Mastercard to raise card-not-present interchange for U.K. cards used at EU shops

In a post-Brexit move, Mastercard is raising interchange rates for card-not-present transactions on U.K.-issued cards when spent with European merchants.

The new interchange rates will become effective October 15, 2021 for cards used at merchants within the with European Economic Area, which is defined as the member states of the EU plus three of the four European Free Trade Association (Iceland, Liechtenstein and Norway).

The rates for card-not-present transactions will rise to 1.5% for credit, up from 0.3%; and 1.15% for debit, up from0.2% Interchange for U.K. cards used in-person in Europe and domestically will remain unaffected at 0.3% and 0.2% for credit and debit, respectively.

“In practice, only [European Economic Area] merchants making e-commerce sales to U.K. cardholders will see a change.
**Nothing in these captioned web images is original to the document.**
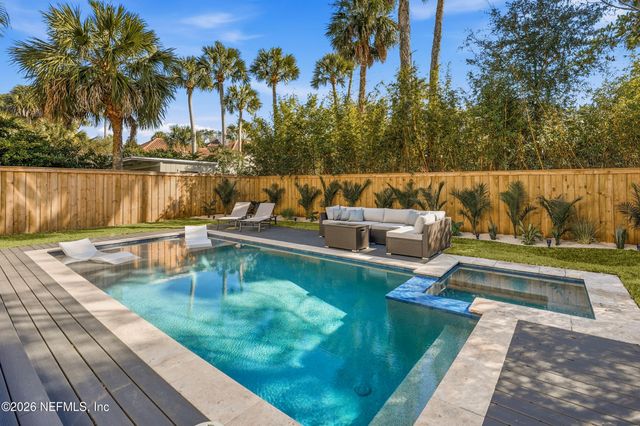 354 11TH Street, Atlantic Beach, FL 32233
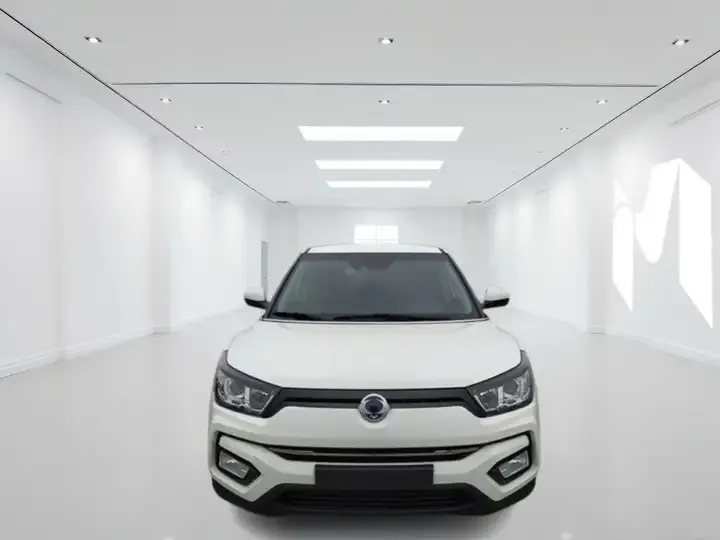 Ssangyong Tivoli foto 2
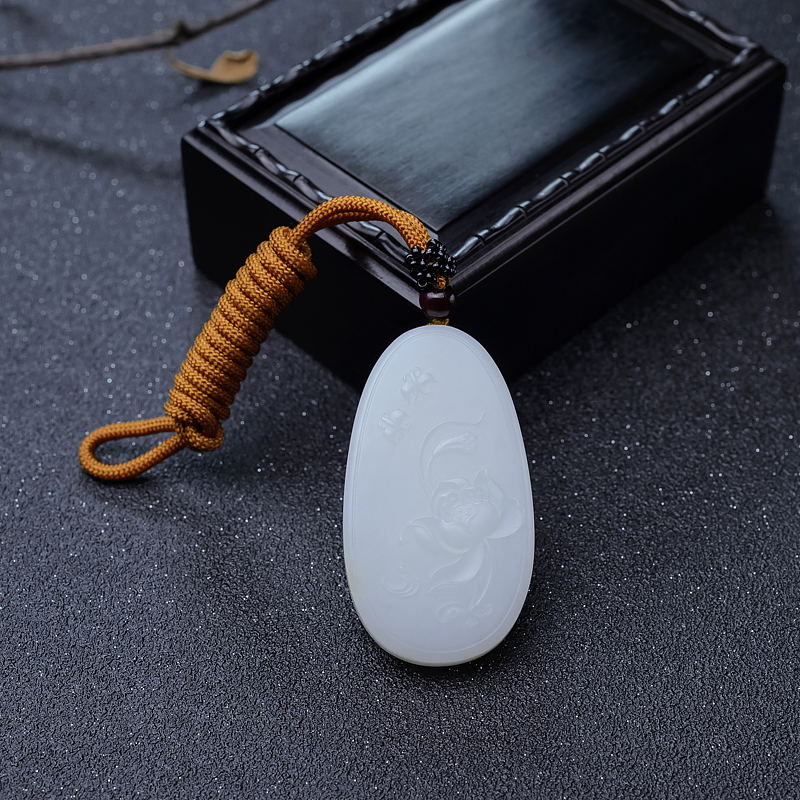 山料和田白玉花开富贵吊坠-红掌柜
Interchange is not a consumer facing cost but the fees paid between merchants and banks for the provision of payments," Mastercard said in an emailed statement.

Mastercard
Bloomberg

Mastercard noted that the changes pertain only to interchange and that other fees are not changing.

Mastercard argues that the new rates for card-not-present transactions is the same rate European Economic Area merchants pay when they charge a sale to cards issued in the U.S., Russia or China.

The interchange rate change comes at a time when Mastercard suffered a legal setback in December in a European court. In that case, the U.K. Supreme Court rejected Mastercard’s attempt to force individual lawsuits over claims that the card brand overcharged consumers and harmed competition for more than a decade.

The ruling grants class action status on a £14 billion (about $18.5 billion) interchange lawsuit that could include more than 46 million consumers in the U.K.